Entre os riscos para os direitos humanos apontados pelo relatório, destacam-se o uso excessivo da força policial nos três países, o uso indevido de balas de borracha, restrições à liberdade de expressão e a persistência de abusos racistas, sexistas e homofóbicos no futebol. O relatório sublinhou ainda o risco de redução da disponibilidade de alojamento a preços acessíveis para os residentes de várias cidades em Portugal e Espanha bem como despejos forçados em Marrocos. “Marrocos, Portugal e Espanha têm de levar muito mais a sério as suas responsabilidades em matéria de direitos humanos”, afirmou Steve Cockburn. “O Campeonato do Mundo de 2030 poderá constituir uma oportunidade para reforçar a proteção dos direitos humanos nos três países, mas apenas se os governos e as federações de futebol estiverem preparados para trabalhar em estreita colaboração com os adeptos, as organizações de direitos humanos, os sindicatos e outros grupos afetados”, concluiu.

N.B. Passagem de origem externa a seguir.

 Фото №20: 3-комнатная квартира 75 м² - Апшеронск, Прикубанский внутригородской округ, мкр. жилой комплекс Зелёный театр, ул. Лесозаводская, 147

A candidatura da Arábia Saudita
A candidatura da Arábia Saudita apresenta planos para a construção ou renovação de onze estádios e o desenvolvimento de grandes projetos de infraestruturas. Contudo, e apesar dos projetos, a estratégia de direitos humanos da candidatura não apresenta novas medidas para proteger as pessoas de despejos forçados ou refere aspetos essenciais como a discriminação contra as mulheres, a criminalização das relações extraconjugais e entre pessoas do mesmo sexo e não prevê medidas ou compromissos para proteger os adeptos e residentes LGBTI de abusos ou detenções. “A Arábia Saudita necessitará de um grande número de trabalhadores migrantes para concretizar as suas ambições para o Campeonato do Mundo, mas não há compromissos para reformar o sistema explorador de patrocínio ‘Kafala’ do país, estabelecer um salário mínimo para os não-cidadãos, permitir-lhes aderir a sindicatos ou introduzir novas medidas para evitar a morte de trabalhadores”, explicou Cockburn.